▶ _Dataset entries_:
....................

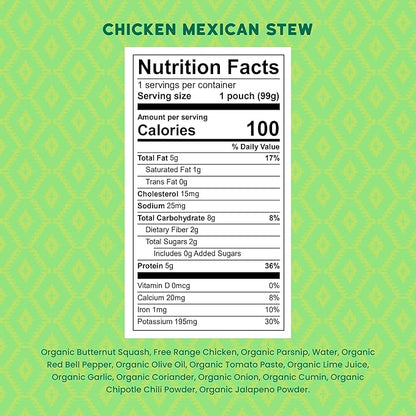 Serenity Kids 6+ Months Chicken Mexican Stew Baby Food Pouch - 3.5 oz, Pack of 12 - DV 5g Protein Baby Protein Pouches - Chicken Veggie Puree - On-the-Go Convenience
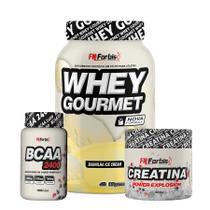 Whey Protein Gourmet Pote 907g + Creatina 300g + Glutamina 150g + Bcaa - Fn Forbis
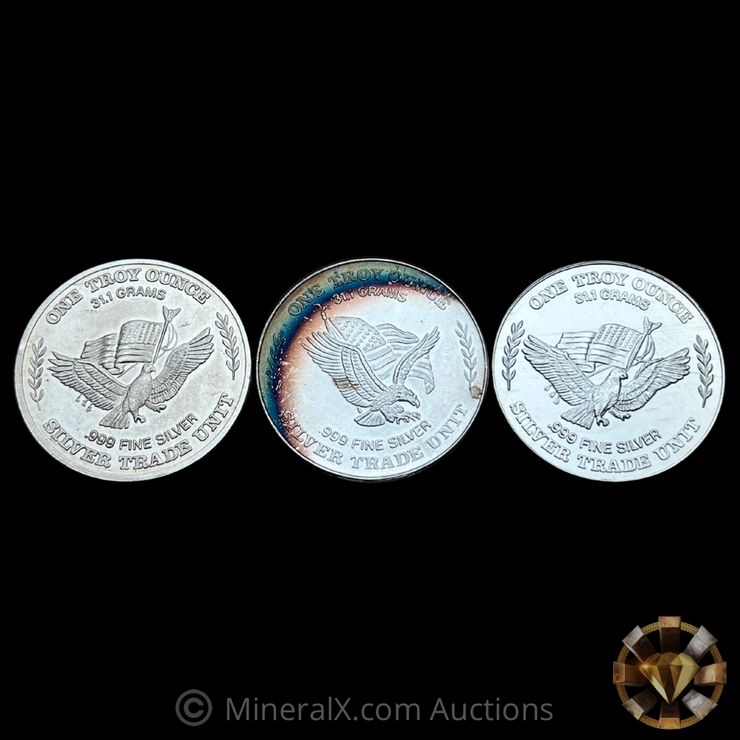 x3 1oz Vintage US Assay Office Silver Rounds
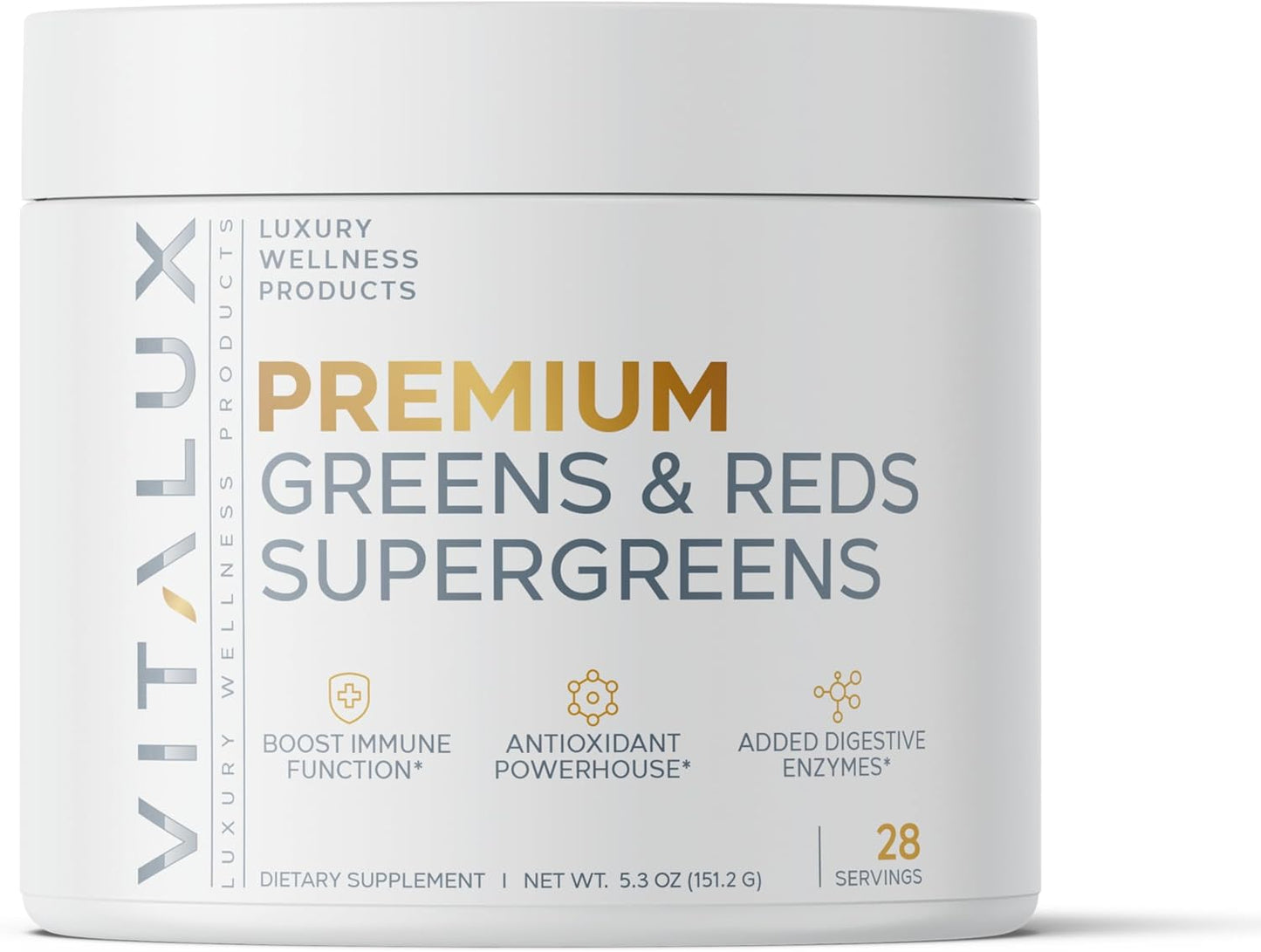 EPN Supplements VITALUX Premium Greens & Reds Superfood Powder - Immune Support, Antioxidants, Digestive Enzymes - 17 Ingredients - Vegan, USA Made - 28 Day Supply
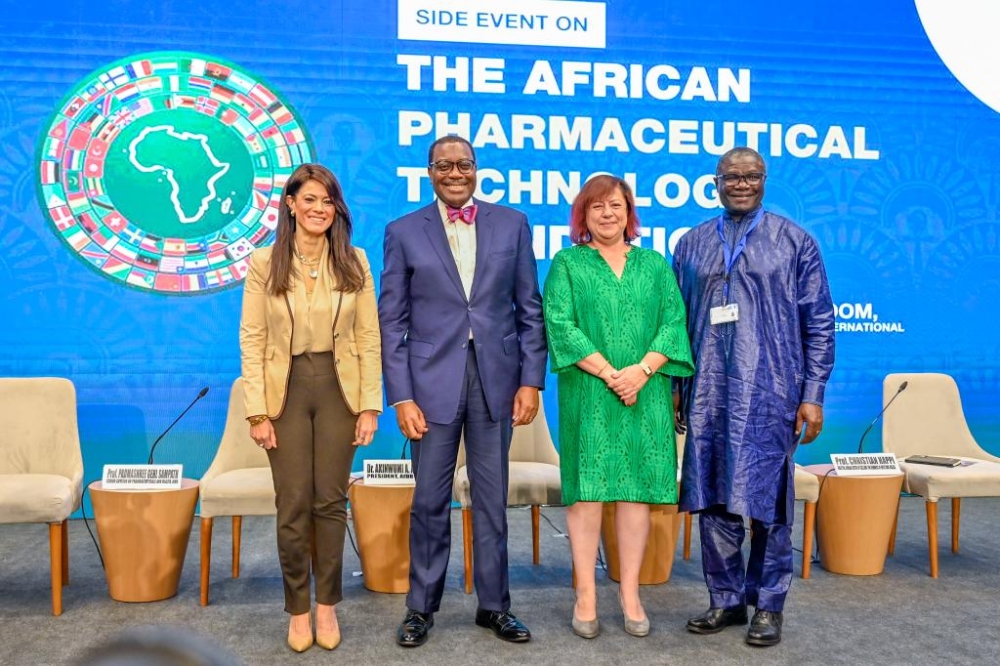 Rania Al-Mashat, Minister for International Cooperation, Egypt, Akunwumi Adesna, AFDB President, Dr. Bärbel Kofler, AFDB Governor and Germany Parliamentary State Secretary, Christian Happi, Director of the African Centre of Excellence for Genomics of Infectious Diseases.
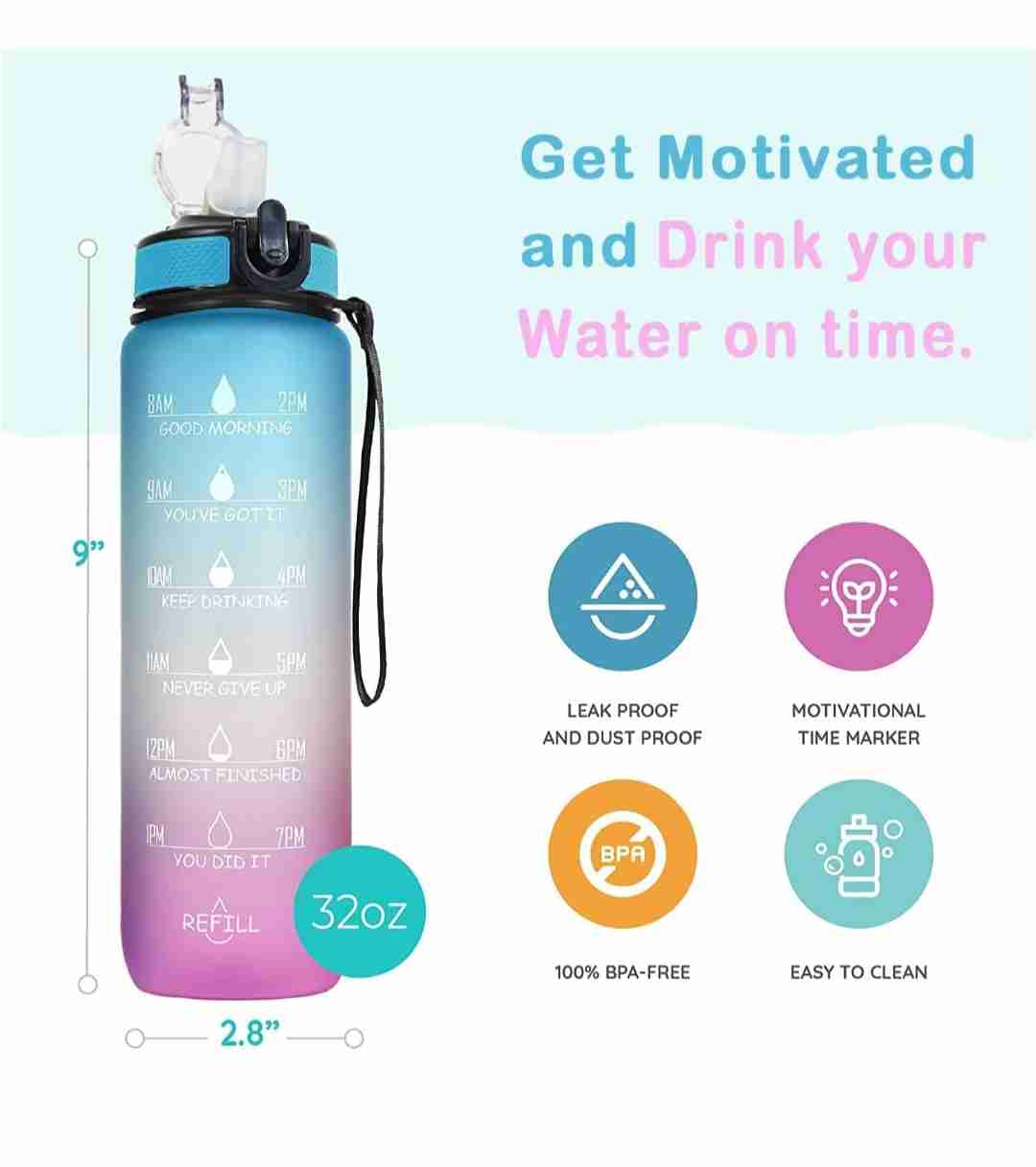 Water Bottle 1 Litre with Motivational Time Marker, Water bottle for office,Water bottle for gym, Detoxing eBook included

....................

▶ _Work to be completed_: Starting at the line that contains "EPN Supplements VITALUX", reproduce exactly and only the lines through the end of the entries above, with the pictures excluded.

▶ _Answer area_:
 EPN Supplements VITALUX Premium Greens & Reds Superfood Powder - Immune Support, Antioxidants, Digestive Enzymes - 17 Ingredients - Vegan, USA Made - 28 Day Supply
 Rania Al-Mashat, Minister for International Cooperation, Egypt, Akunwumi Adesna, AFDB President, Dr. Bärbel Kofler, AFDB Governor and Germany Parliamentary State Secretary, Christian Happi, Director of the African Centre of Excellence for Genomics of Infectious Diseases.
 Water Bottle 1 Litre with Motivational Time Marker, Water bottle for office,Water bottle for gym, Detoxing eBook included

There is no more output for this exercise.